J’ai de gros doutes sur les actuelles capacités des nations à déployer des préparatifs pandémiques sociaux.
Pour qu’une importante préparation sociale ait lieu, il va falloir démontrer davantage de leadership, transparence, volonté, et courage.
La clé du succès passe par l’innovation.
Et pour ce faire, il ne faudra pas avoir froid aux yeux.
J’ai découvert il y a quelques mois le site Harvard Business Publishing. La section intitulée ‘The Big Shift’ est gérée par John Hagel III, John Seely Brown et Lang Davison, des auteurs connus ayant publié plusieurs ouvrages. Lang Davison est entre autres l’ancien éditeur en chef de la fameuse publication McKinsey Quarterly (dont j’ai parlé dernièrement de leur article considéré par plusieurs comme un point de basculement. Voir mon billet «6 éléments de gestion Web 2.0 qui ont du succès, d’après McKinsley»).
Hier, les 3 éditeurs de Big Shift ont publié un article portant sur l’innovation institutionnelle. Je vous en souligne des extraits ici, car je pense qu’il y a là matière à réflexion, et que ces éléments devraient être considérés par les gestionnaires de préparatifs pandémiques.
Cet article de Big Shift porte sur la différence entre les ‘push-based organizations’ (axées sur le contrôle) et les ‘pull-based organizations’ (axées sur le partage des forces).

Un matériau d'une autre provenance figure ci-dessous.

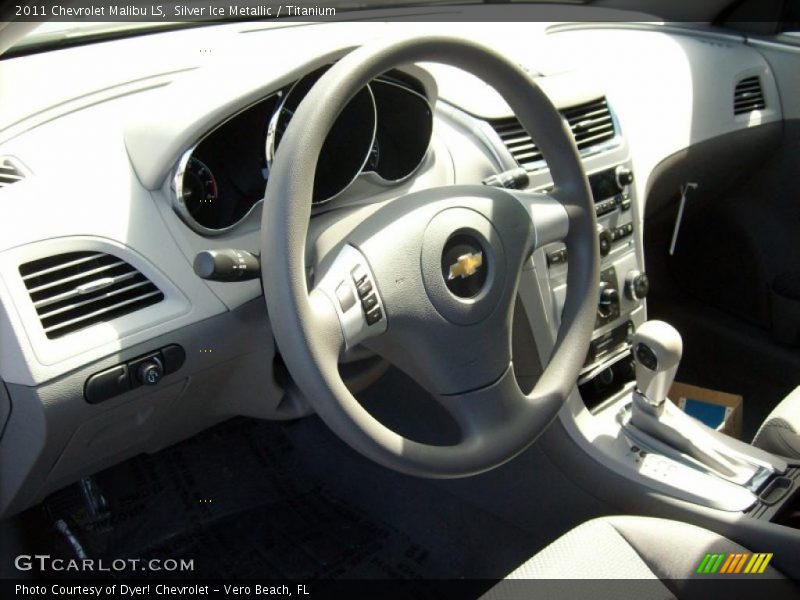 Silver Ice Metallic / Titanium 2011 Chevrolet Malibu LS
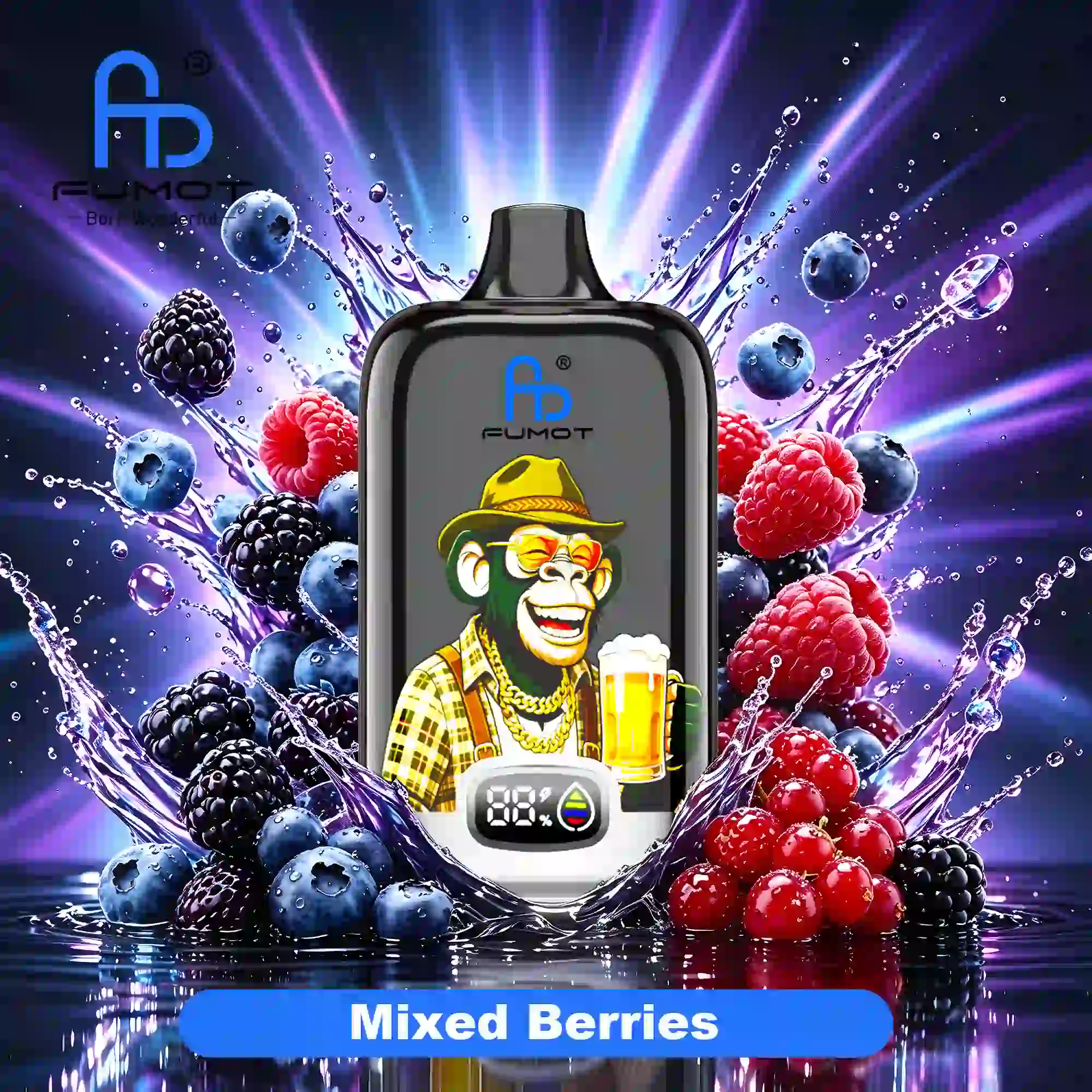 Fumot Digital Box 12000 Mixed Berries 20mg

«Le passé appartient aux institutions 'push' (pousser), mais le futur appartient aux institutions 'pull' (tirer).
Une véritable ‘pull-based organization’ reste encore à être vue en nature.
Notez qu’un basculement de dispositions s’avère nécessaire, alors que nous progressons d’institutions ‘push’ à ‘pull’. Les institutions ‘push’ sont typiquement centralisées, bureaucratiques, et en mode commande-et-contrôle, et les dispositions qui prévalent parmi leurs dirigeants sont les mêmes: ceux-ci tiennent solidement les rennes de la propriété intellectuelle (ce qui se traduit par mettre la foi dans les actions plutôt que dans les flux de connaissances). Ces institutions approchent la collaboration avec prudence, et uniquement avec une poignée de partenaires sélectionnés soigneusement, partageant les mêmes dispositions.
Les institutions ‘pull’, en revanche, tendent vers la décentralisation, le modulaire et les liens détendus de collaboration, ainsi que vers ce qui est émergent. Les dispositions qui prévalent penchent davantage vers la collaboration que vers le contrôle. Les dirigeants orientés en mode ‘pull’ reconnaissent que la puissance des formes de collaboration sont très évolutives, et ils mobilisent un grand nombre de participants offrant diverses spécialisations poussées.
Les institutions ‘pull’ investissent MASSIVEMENT dans l’accès aux talents, peut importe où celui-ci réside, et dans la construction de relations pour motiver ce talent. Ces «talents distribués», soutiennent par la suite les initiatives de l’organisation, indépendamment de savoir s’ils choisissent de s’affilier officiellement à l’institution. [Un bon exemple de cela: le succès des stratégies de mouvements sociaux de Marshall Ganz de la campagne de Barack Obama. Voir mon billet à ce sujet.]
Il est évident que nos institutions existantes, solidement ancrées dans le monde en mode ‘push’, devront considérablement se redéfinir de vue d’exploiter de manière efficace le potentiel du mode ‘pull’. L’innovation institutionnelle – la refonte des rôles, des relations et des structures de gouvernance nécessaires pour amener les participants vers des efforts de production – sera une condition essentielle.
Les institutions ‘pull’ auront besoin de complètement se réorienter en ce qui concerne le talent, alors que nous ré-imaginons les corporations et les autres institutions comme des lieux où des individus talentueux expérimenteront, apprendront, performeront, et prospéreront.
Ceci exigera de profonds changements de stratégie, d’organisation, d’opérations, et de technologie.»